• **Aim of the task**: Every line from the one containing "美品 PSVITA PCH-2000 箱付き+メモカ8GB 他" through the end of the listing below goes in the output, exactly and without pictures.

• **Information shown**:
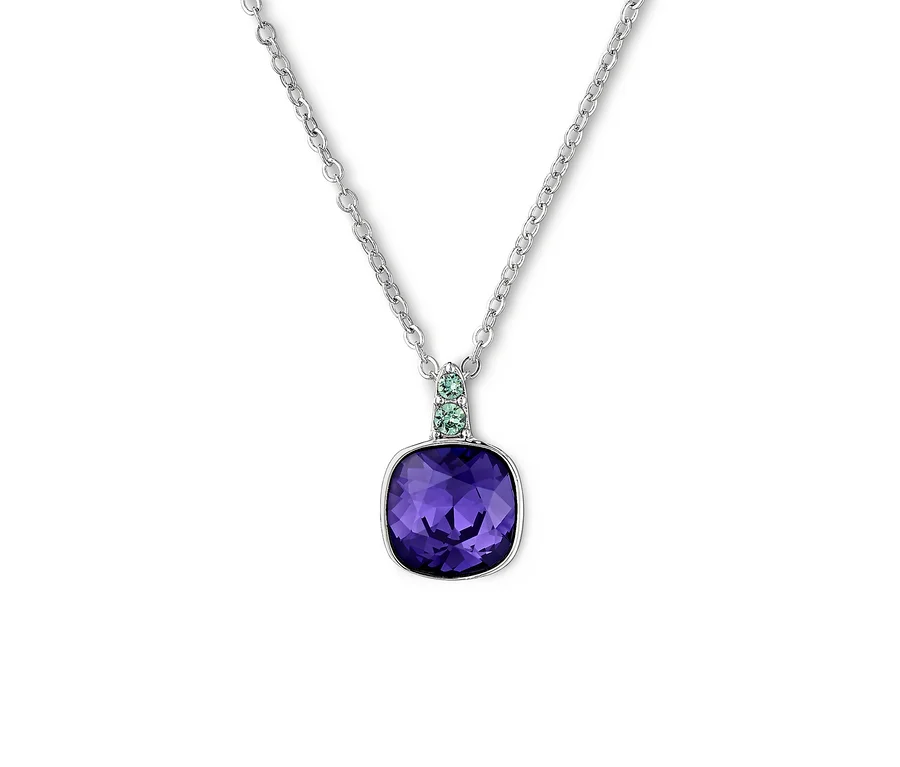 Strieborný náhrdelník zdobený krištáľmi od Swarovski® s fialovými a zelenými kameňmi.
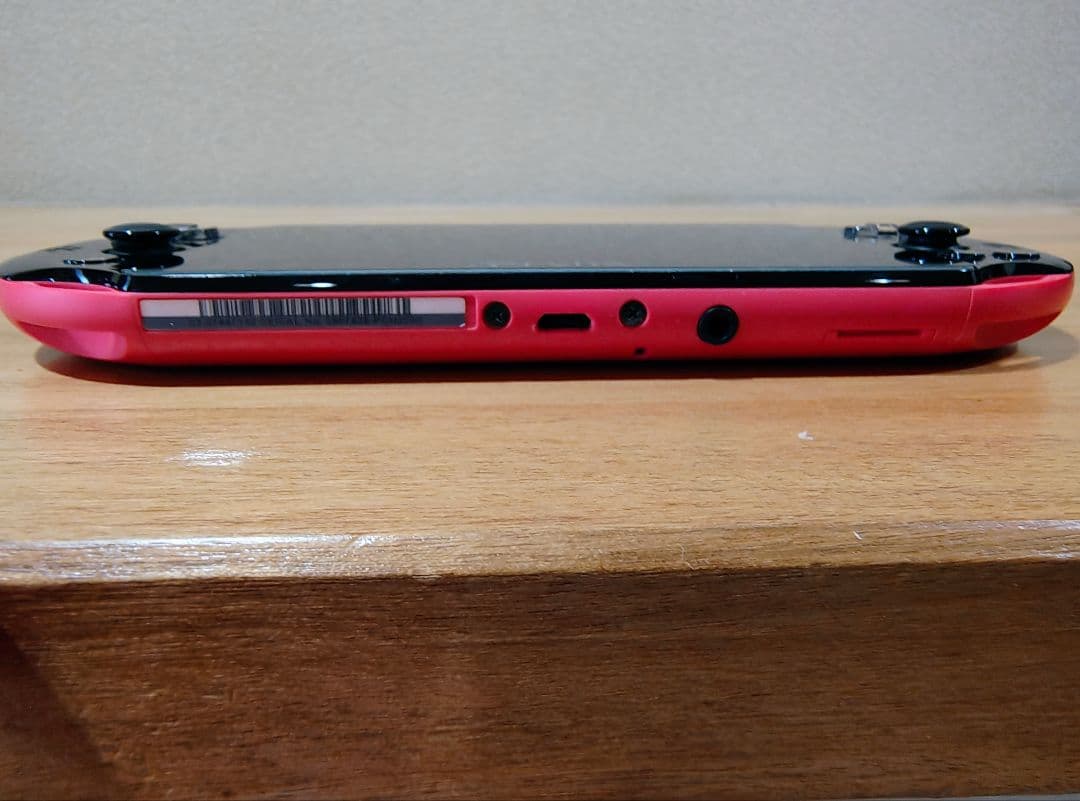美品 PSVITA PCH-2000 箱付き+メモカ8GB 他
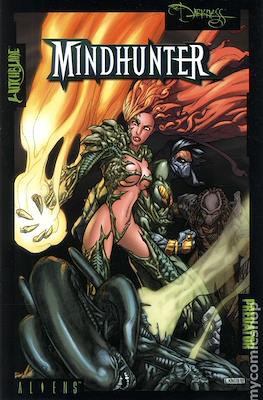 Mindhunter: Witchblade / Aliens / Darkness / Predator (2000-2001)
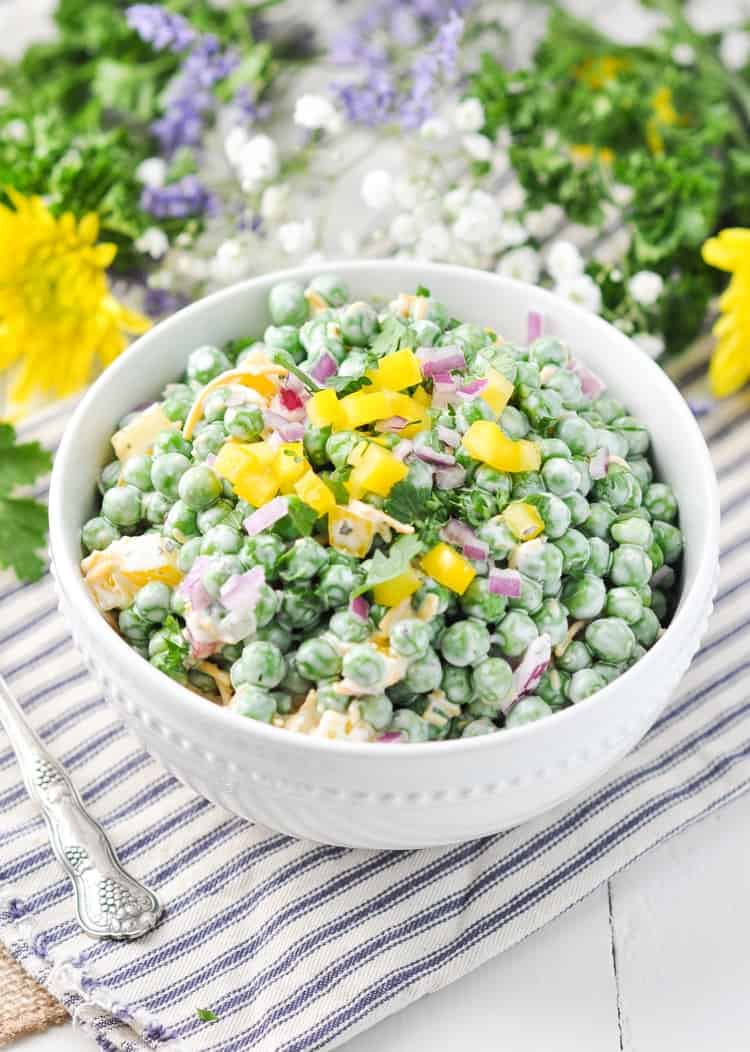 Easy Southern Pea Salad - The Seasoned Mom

• **Response to the task**:
美品 PSVITA PCH-2000 箱付き+メモカ8GB 他
 Mindhunter: Witchblade / Aliens / Darkness / Predator (2000-2001)
 Easy Southern Pea Salad - The Seasoned Mom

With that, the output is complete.